Oct. 21 (Bloomberg) -- Crude options volatility rose as futures slipped below a $100 a barrel amid rising stockpiles.
Implied volatility for at-the-money December options, a measure of expected futures swings and a key gauge of value, was 19.79 percent at 2:20 p.m. on the New York Mercantile Exchange, from 19.06 percent on Oct. 18. Put options protecting against a 10 percent drop in prices increased to 26.56 percent from 25.4.
“We’ve crossed the Rubicon when we crossed that $100 a barrel threshold,” said Phil Flynn, senior market analyst at Price Futures Group in Chicago. “Now the fundamentals are heavy and people are starting to try to protect their oil position on the downside.”
West Texas Intermediate crude for December delivery fell $1.43, or 1.4 percent, to $99.68 a barrel on the Nymex.
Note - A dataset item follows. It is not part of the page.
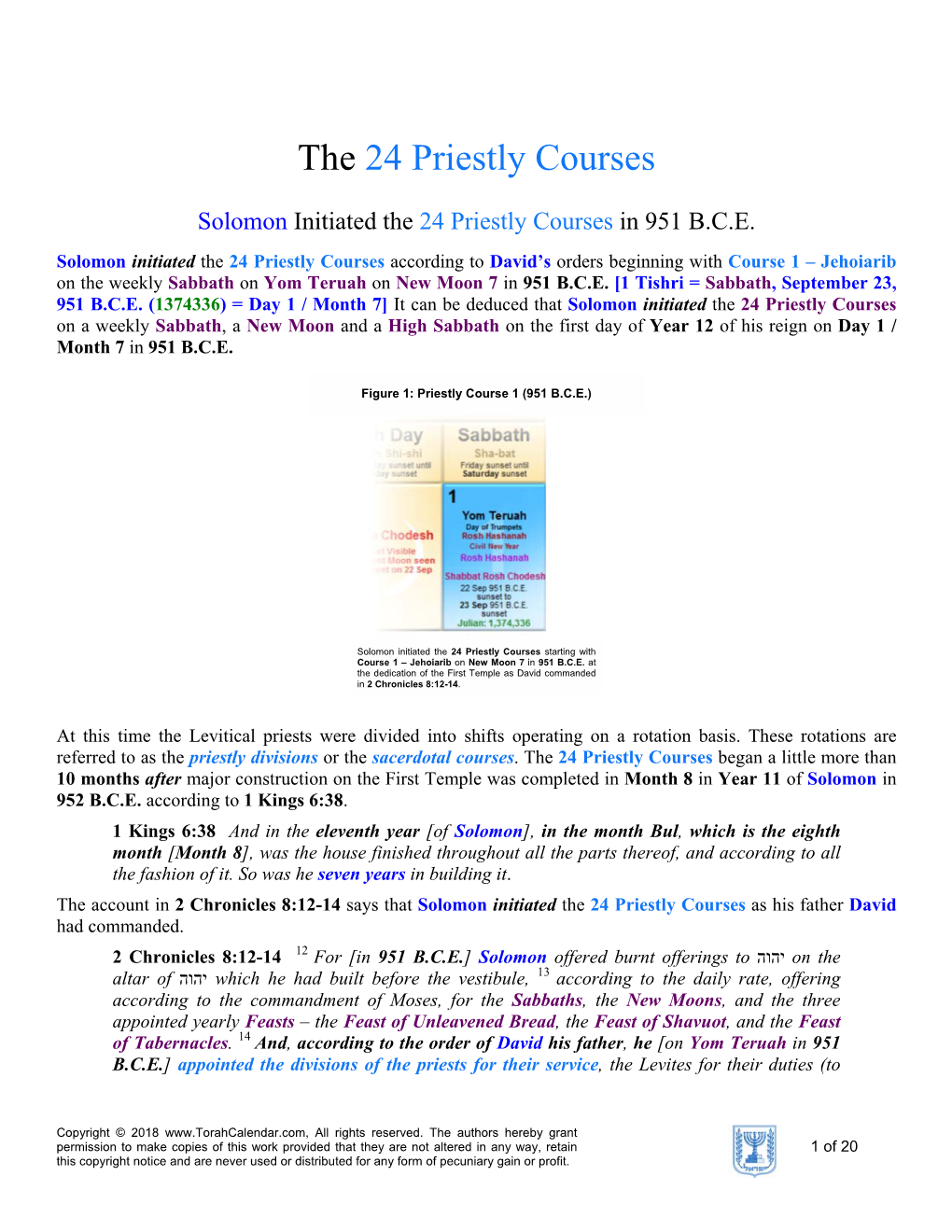 The 24 Priestly Courses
Futures slid after the Energy Information Administration said supplies rose 4 million barrels to 374.5 million in the week ended Oct. 11, the highest level in three months.
Puts, or bets that prices would fall, accounted for the three most popular options and 51 percent of electronic trading volume.
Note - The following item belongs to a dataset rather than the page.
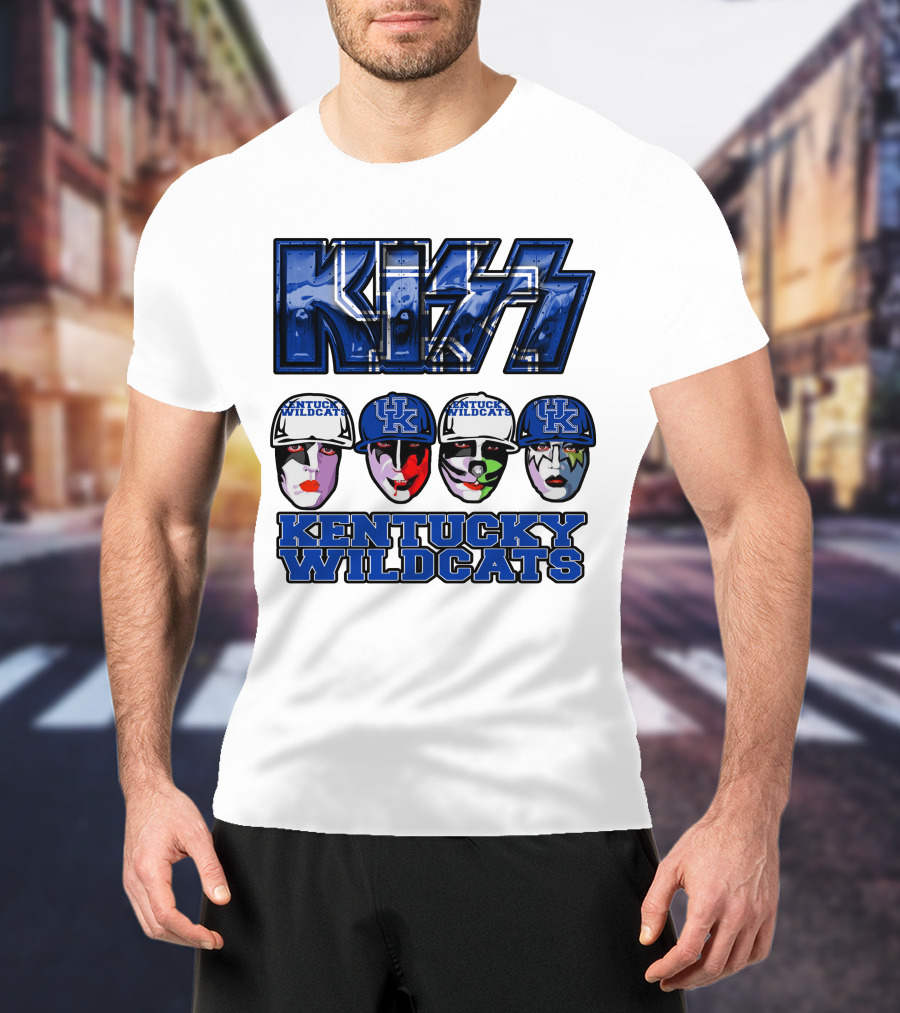 Kiss Kentucky Wildcats Blue Rock And Roll Band Fans T-Shirt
The most active options in electronic trading today were December $95 puts, which rose 17 cents to 67 cents a barrel with 3,283 lots trading as of 2:38 p.m. January $95 puts advanced 19 cents to $1.35 with volume of 2,996 lots.
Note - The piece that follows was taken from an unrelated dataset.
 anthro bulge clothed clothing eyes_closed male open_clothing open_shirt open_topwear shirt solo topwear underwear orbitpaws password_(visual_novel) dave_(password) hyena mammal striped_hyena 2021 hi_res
In the previous session, puts accounted for 52 percent of the 115,515 lots traded.
December $100 puts were the most-active options yesterday, with 7,816 contracts trading as they declined 20 cents to $1.66 a barrel. December $90 puts fell 5 cents to 16 cents on volume of 7,154 lots.
Open interest in the prior session was highest for December $90 puts, with 45,009 contracts. Next were December $80 puts with 41,699 lots and December $95 calls with 33,618.
The exchange distributes real-time data for electronic trading and releases information the next business day on open-outcry volume, where the bulk of options activity occurs.